**Exercise instructions**: Only the lines from the start of the data below through the line that contains "Gold Rib Trim" are to be copied, exactly and without pictures.

**Data provided**:
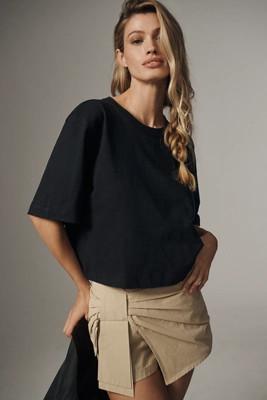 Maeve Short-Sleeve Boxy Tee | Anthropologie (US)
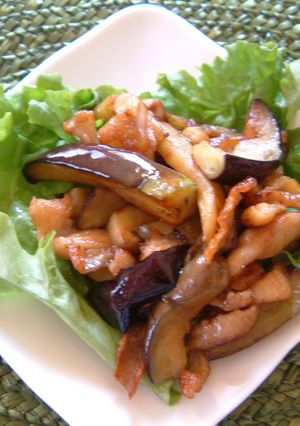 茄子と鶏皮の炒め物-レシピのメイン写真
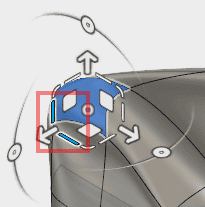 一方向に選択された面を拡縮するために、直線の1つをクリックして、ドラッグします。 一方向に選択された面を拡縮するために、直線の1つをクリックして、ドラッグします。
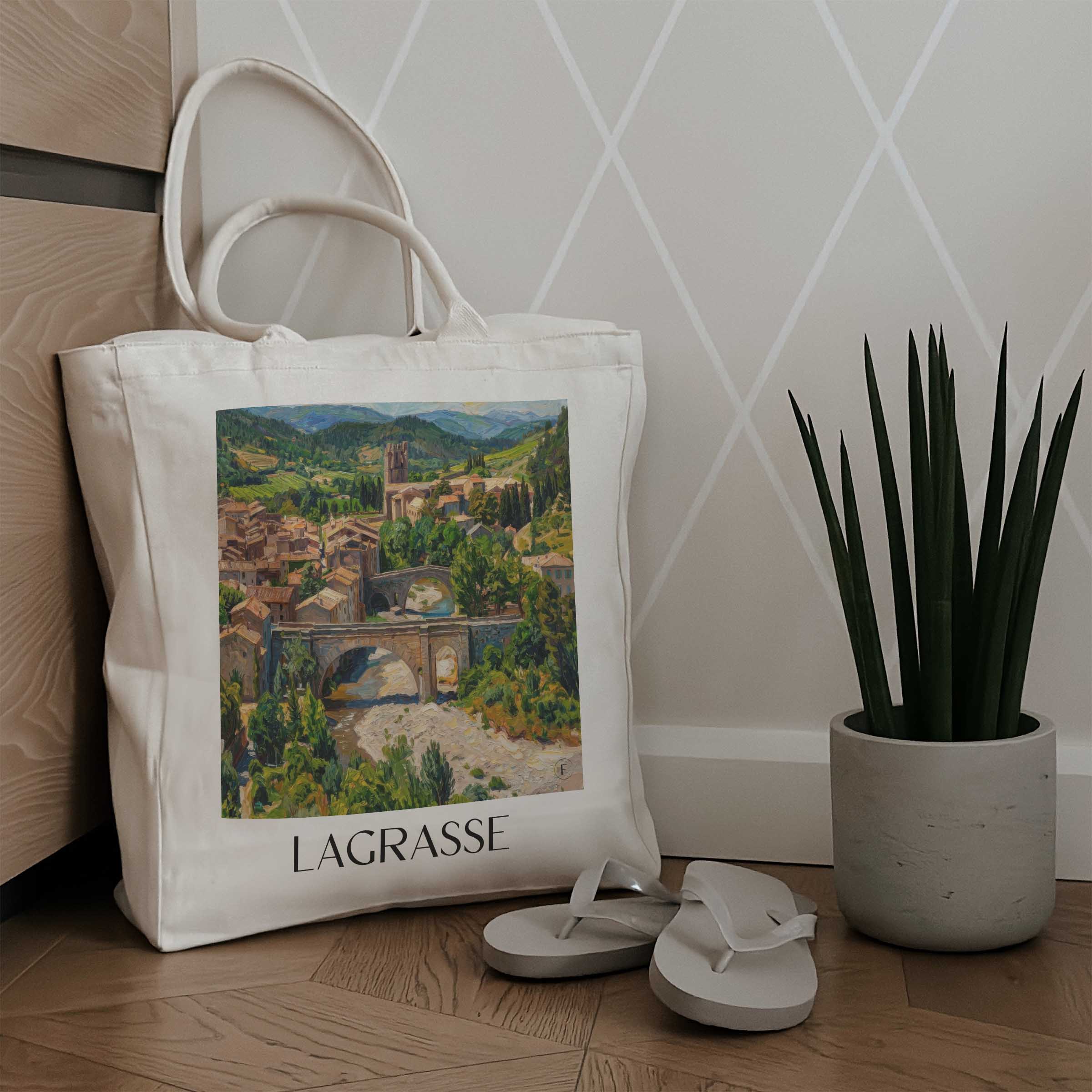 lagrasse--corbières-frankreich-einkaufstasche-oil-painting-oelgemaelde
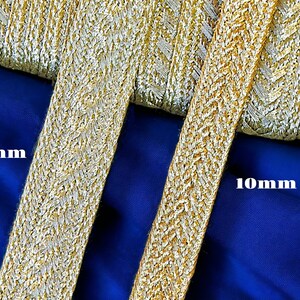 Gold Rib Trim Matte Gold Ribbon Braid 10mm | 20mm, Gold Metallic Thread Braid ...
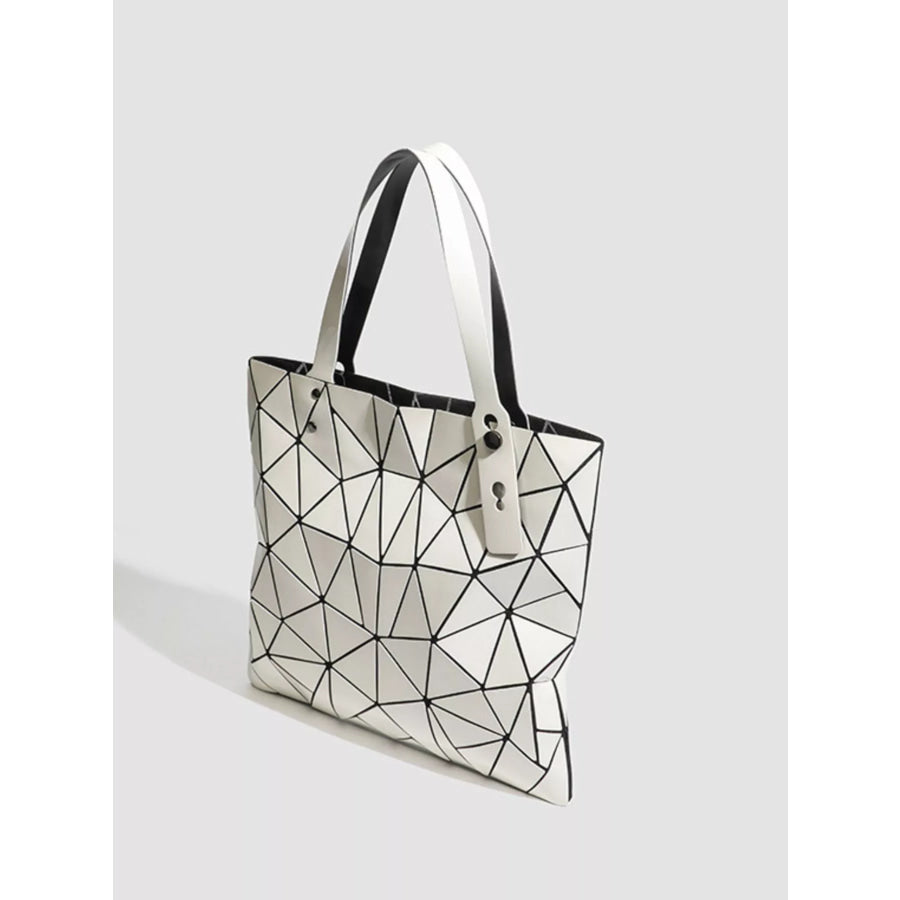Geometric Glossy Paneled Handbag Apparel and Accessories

**Response to the task**:
 Maeve Short-Sleeve Boxy Tee | Anthropologie (US)
 茄子と鶏皮の炒め物-レシピのメイン写真
 一方向に選択された面を拡縮するために、直線の1つをクリックして、ドラッグします。 一方向に選択された面を拡縮するために、直線の1つをクリックして、ドラッグします。
 lagrasse--corbières-frankreich-einkaufstasche-oil-painting-oelgemaelde
 Gold Rib Trim Matte Gold Ribbon Braid 10mm | 20mm, Gold Metallic Thread Braid ...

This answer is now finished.